Activity —
Without its pictures, the listing below is to be transcribed exactly.

Provided data —
************

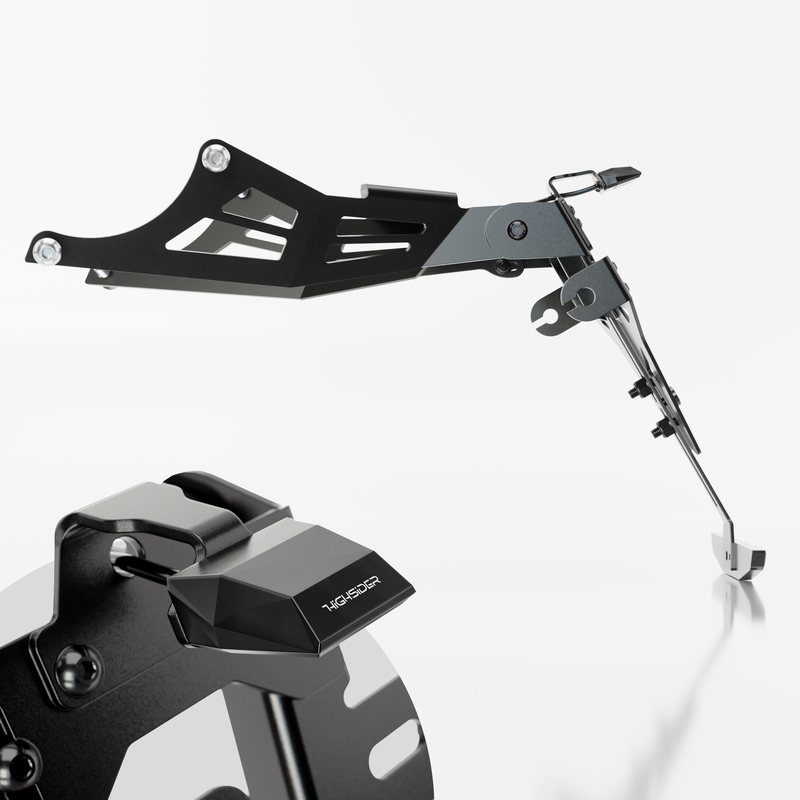 Kennzeichenhalter HIGHSIDER AKRON-RS PRO für Honda CB CBR 650 R (21-23)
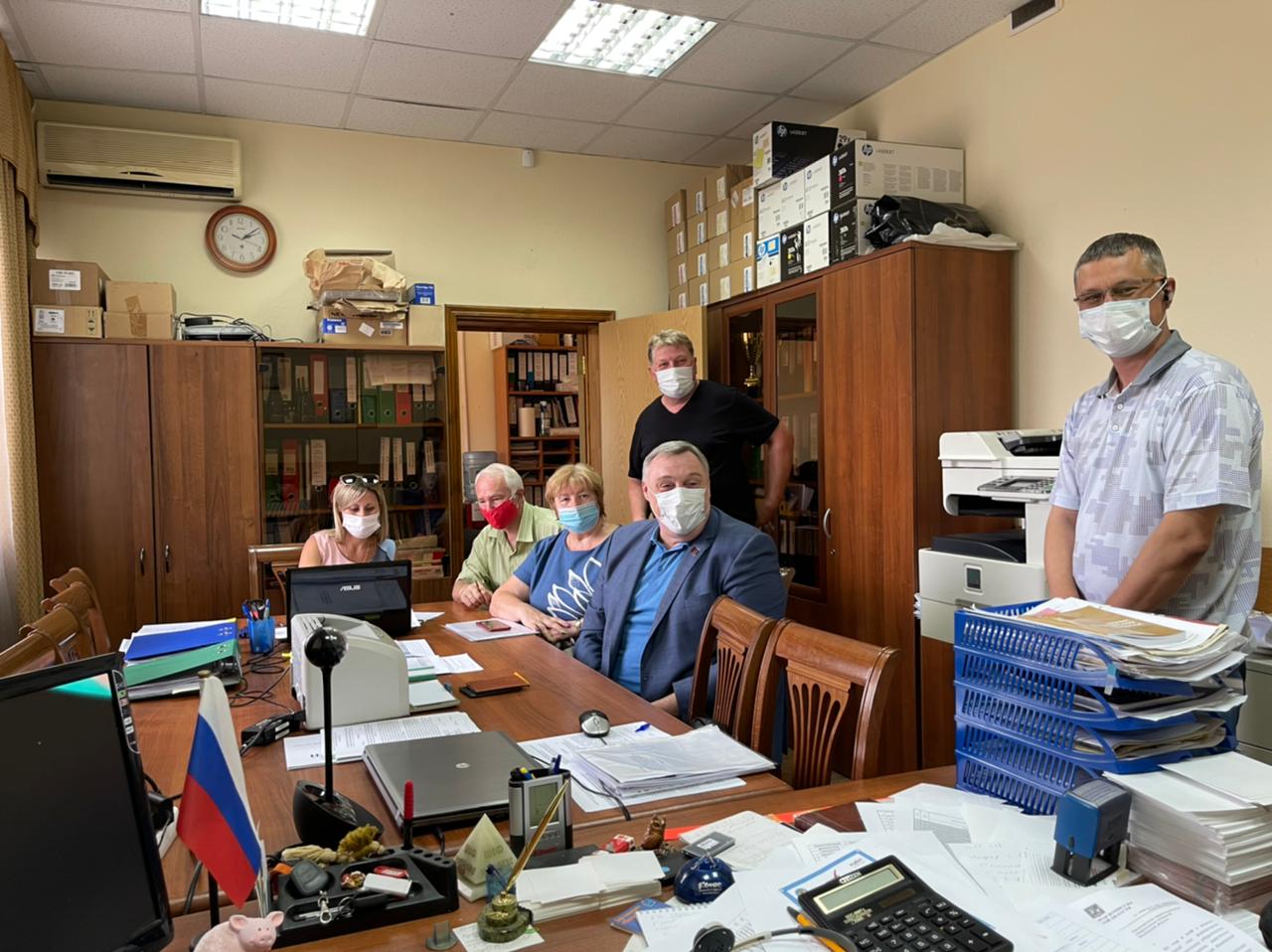 Борис Иванюженков подал документы на выдвижение в депутаты Госдумы
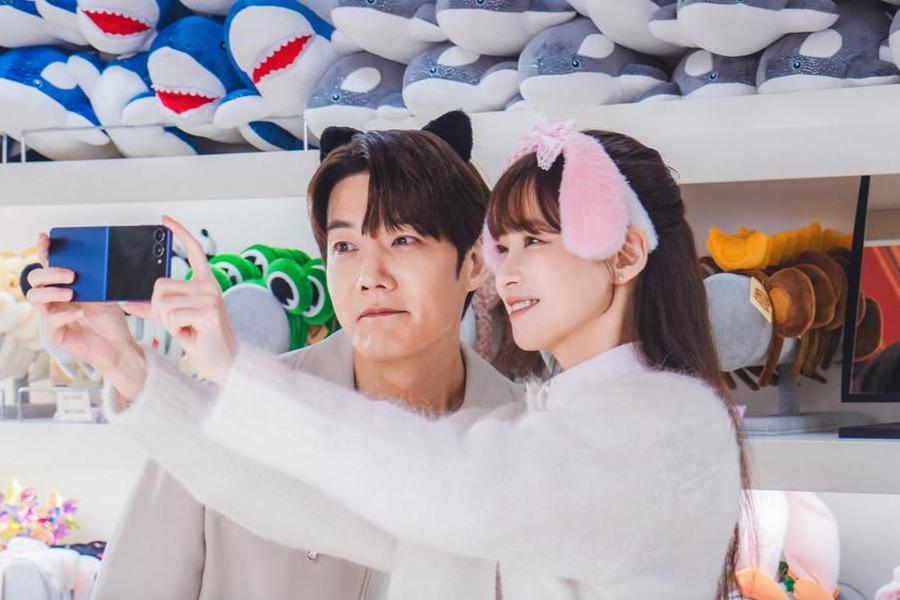 4 Times Choi Jin Hyuk And Oh Yeon Seo Got Closer In Episodes 7-8 Of "Positively Yours"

************

Solution for this problem —
 Kennzeichenhalter HIGHSIDER AKRON-RS PRO für Honda CB CBR 650 R (21-23)
 Борис Иванюженков подал документы на выдвижение в депутаты Госдумы
 4 Times Choi Jin Hyuk And Oh Yeon Seo Got Closer In Episodes 7-8 Of "Positively Yours"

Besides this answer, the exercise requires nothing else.